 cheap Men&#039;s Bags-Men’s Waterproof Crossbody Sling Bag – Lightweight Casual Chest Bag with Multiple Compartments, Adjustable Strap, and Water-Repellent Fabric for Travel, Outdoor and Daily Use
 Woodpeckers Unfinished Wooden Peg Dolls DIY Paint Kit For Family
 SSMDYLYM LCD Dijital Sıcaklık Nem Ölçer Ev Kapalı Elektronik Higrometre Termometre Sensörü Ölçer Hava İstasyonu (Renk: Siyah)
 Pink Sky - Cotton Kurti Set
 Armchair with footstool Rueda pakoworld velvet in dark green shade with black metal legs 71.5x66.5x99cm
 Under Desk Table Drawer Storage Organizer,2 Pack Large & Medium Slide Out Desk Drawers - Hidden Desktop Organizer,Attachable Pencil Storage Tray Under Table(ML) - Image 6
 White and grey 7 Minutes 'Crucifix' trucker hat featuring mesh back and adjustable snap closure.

# # # #

**What the task requires**
Nothing but the lines from the one containing "Armchair with footstool" to the last line of the listing above belongs in the answer; restate each word for word.

**Finished task**
 Armchair with footstool Rueda pakoworld velvet in dark green shade with black metal legs 71.5x66.5x99cm
 Under Desk Table Drawer Storage Organizer,2 Pack Large & Medium Slide Out Desk Drawers - Hidden Desktop Organizer,Attachable Pencil Storage Tray Under Table(ML) - Image 6
 White and grey 7 Minutes 'Crucifix' trucker hat featuring mesh back and adjustable snap closure.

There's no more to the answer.